Dick's aim was true—the vapors and clouds had not disturbed it—and when the rifle flashed, the pony bounded into the and fell dead. But the agile Sioux leaped clear and darted away. Dick marked his brown body, and then was his opportunity to send a mortal bullet, but a feeling of which he was almost ashamed held his hand. His foe was running, and he was no longer hunted. The feeling lasted but a moment, and when it passed, the Sioux was out of range. A moment later and his misty foe had become a part of the solid darkness.

Dick stood upright once more. He had been the victor in a combat that still had for him all the elements of the ghostly. He had triumphed, but just in time. His nerves were relaxed and unstrung, and his hands were damp. He carefully reloaded all the empty chambers of his repeating rifle, and without looking at the falling horse, which he felt had suffered for the wickedness of another, strode away again over the plain, abandoning the rifle of the fallen Sioux as a useless burden.

It took Dick sometime after his fight with the phantom horseman to come back to real earth. Then he noticed that both the clouds and the dampness had increased, and presently something cold and wet settled upon his face. It was a flake of snow, and a troop came at its heels, gentle but insistent, chilling his hands and gradually whitening the earth, until it was a gleaming floor under a pall of darkness.

Dick was in dismay. Here was a foe that he could not fight with rifle balls. He knew that the heavy clouds would continue to pour forth snow, and the day, which he thought was not far away, would disclose as little as the night. The white pall would hide the mountains as well as the black pall had done, and he might be going farther and father from his valley.

He felt that he had been released from one danger and then another, only to encounter a third. It seemed to him, in his minute of despair, that Fate had resolved to defeat all his efforts, but, the minute over, he renewed his courage and trudged bravely on, he knew not whither. It was fortunate for him that he wore a pair of the heavy shoes saved from the wagon, and put on for just such a journey as this. The wet from the snow would have soon soaked though his moccasins, but, as his thick deerskin leggings fitted well over his shoes, he kept dry, and that was a comfort.

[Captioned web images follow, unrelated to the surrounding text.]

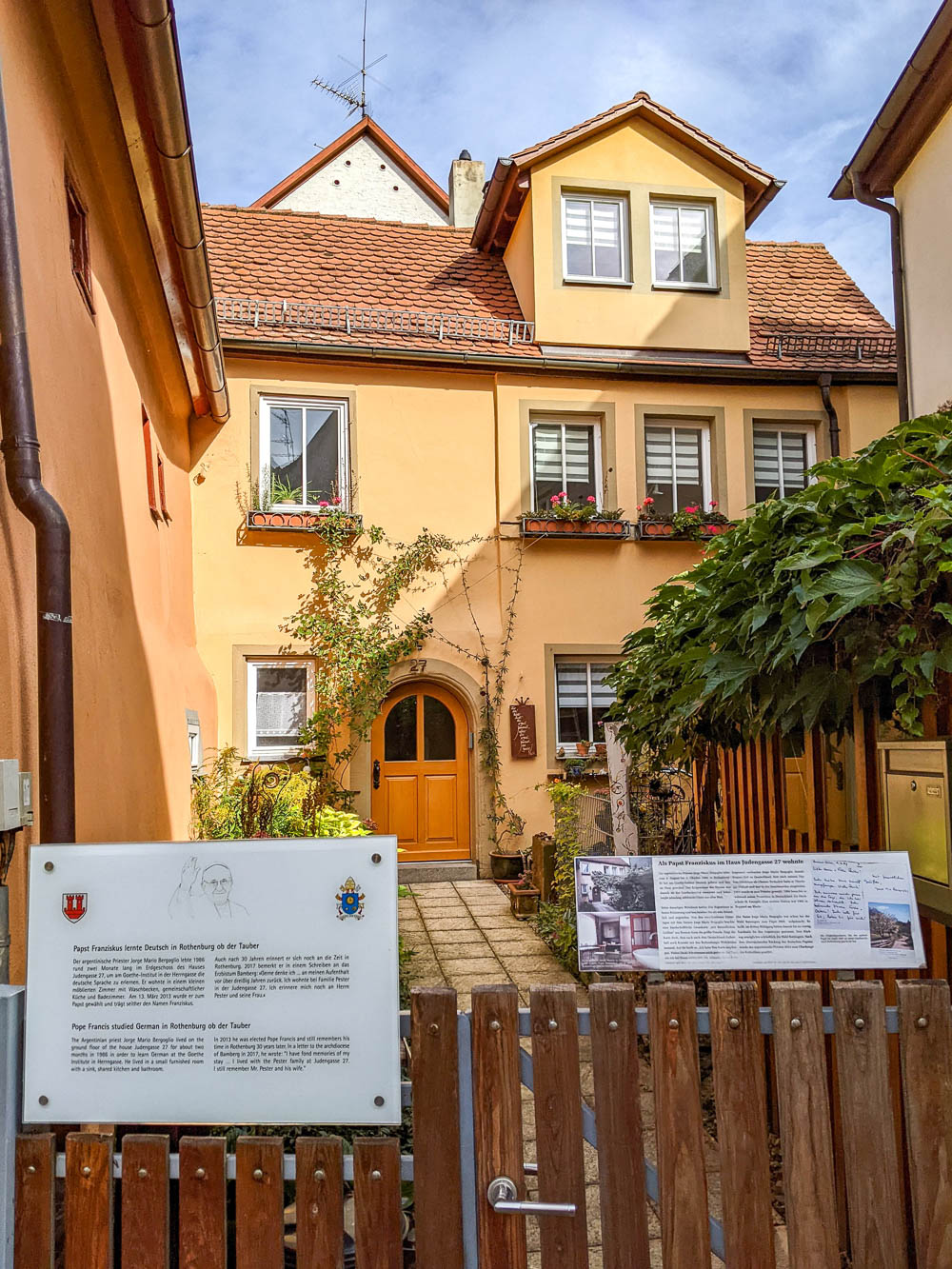 tourist rothenburg ob der tauber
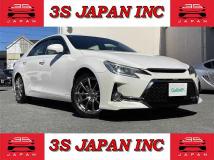 2010 Toyota Mark X
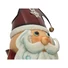 Kép 4/8 - EUROPALMS Santa Claus, Metal, 150cm, red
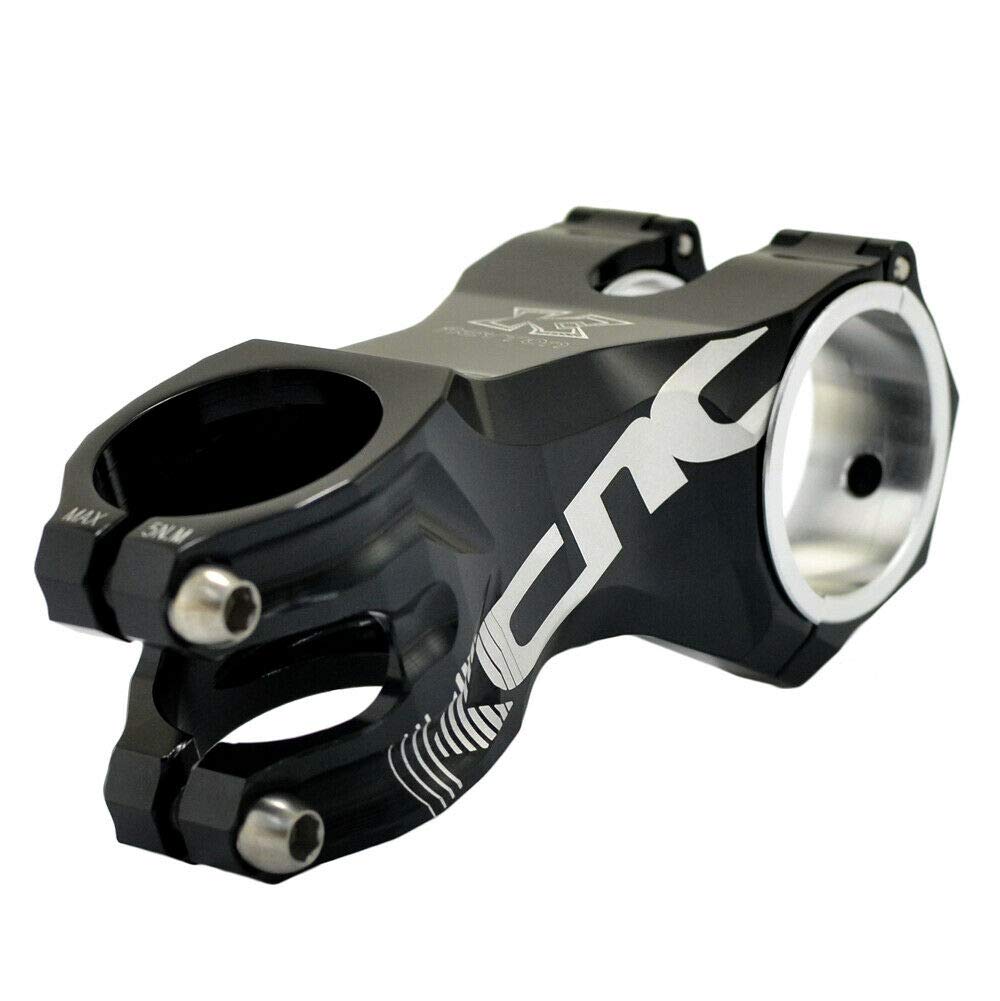 KCNC REYTON MTB Degree Stem x Anodized SK2199 ±17 31.8mm/35mm 70mm, Black, ST37-17-70-35-BK-OE,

The snow came down without wind and fuss, but more heavily than ever, persistent, unceasing, and sure of victory. It was not particularly cold, and the walking kept up a warm and pleasant circulation in Dick's veins. But he knew that he must not stop. Whether he was going on in a straight line he had no way to determine. He had often heard that men, lost on the plains, soon begin to travel in a circle, and he watched awhile for his own tracks; but if they were there, they were covered up by snow too soon for him to see, and, after all, what did it matter?

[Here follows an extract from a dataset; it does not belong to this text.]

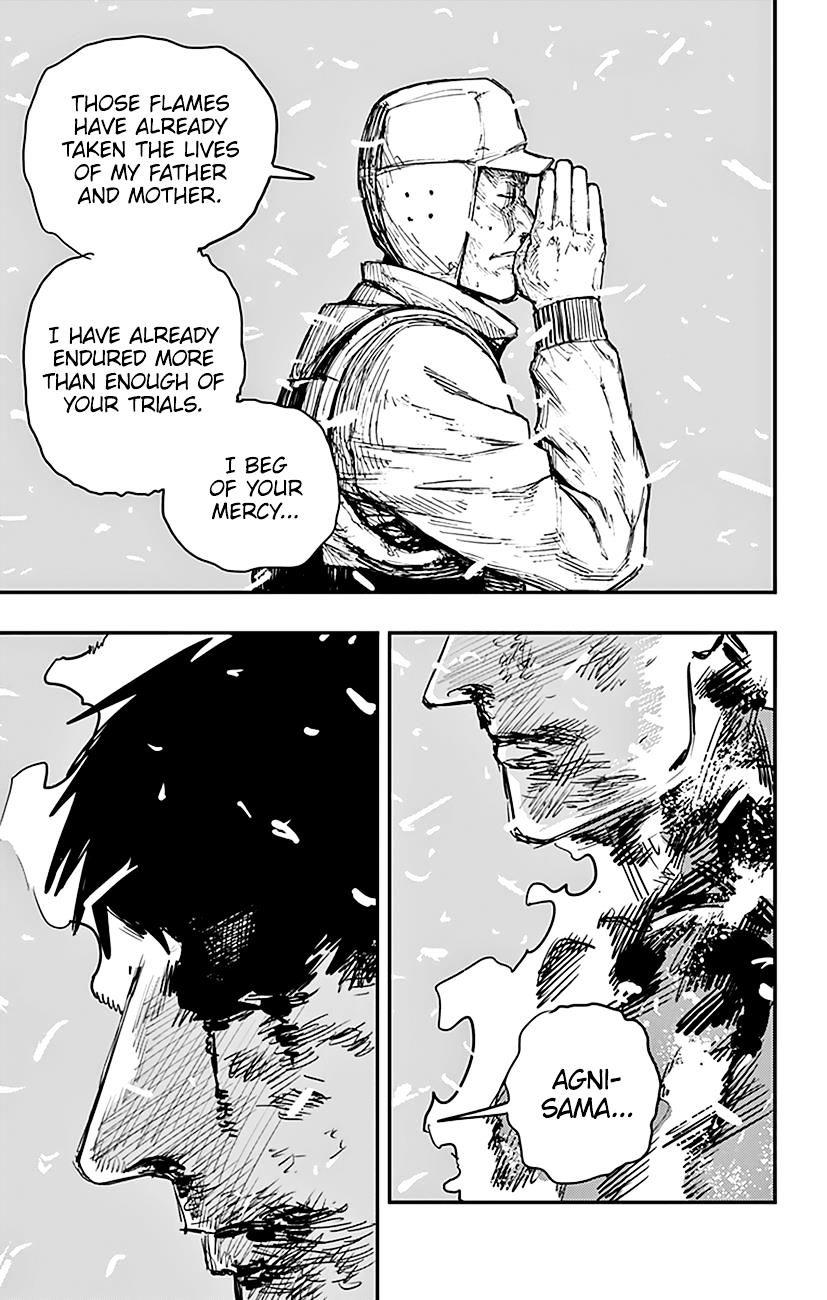 Fire Punch Chapter 73 page 11 - Mangakakalot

He saw after a while a pallid yellowish light showing dimly through the snow, and he knew that it was the sunrise. But it illuminated nothing. The white gloom began to replace the black one. It was soon full day, but the snow was so thick that he could not see more than two or three hundred yards in any direction. He longed now for shelter, some kind of hollow, or perhaps a lone tree. The incessant fall of the snow upon his head and its incessant clogging under his feet were tiring him, but he only trod a plain, naked save for its blanket of snow.

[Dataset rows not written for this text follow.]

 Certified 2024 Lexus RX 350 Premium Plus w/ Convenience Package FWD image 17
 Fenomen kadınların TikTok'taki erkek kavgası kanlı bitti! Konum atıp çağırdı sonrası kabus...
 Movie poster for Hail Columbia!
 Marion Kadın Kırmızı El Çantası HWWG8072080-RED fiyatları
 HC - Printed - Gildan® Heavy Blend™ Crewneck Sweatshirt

Dick had been careful to keep his rifle dry, putting the barrel of it under his long deerskin coat. Once as he shifted it, he felt a lump over his chest, and for an instant or two did not know what caused it. Then he remember the history and geography of the United States. He laughed with grim humor.

"I am lost to history," he murmured, "and geography will not tell me where I am."

He crossed a swell—he knew them now more by feeling than by sight—and before beginning the slight assent of the next one he stopped to eat. He had been enough of a frontiersman, before starting upon such a trip, to store jerked buffalo in the skin knapsack that he had saved for himself. The jerked meat offered the largest possible amount of sustenance in the smallest possible space, and Dick ate eagerly. Then he felt a great renewal of courage and strength. He also drank of the snow water, that is, he dissolved the snow in his mouth, but he did not like it much.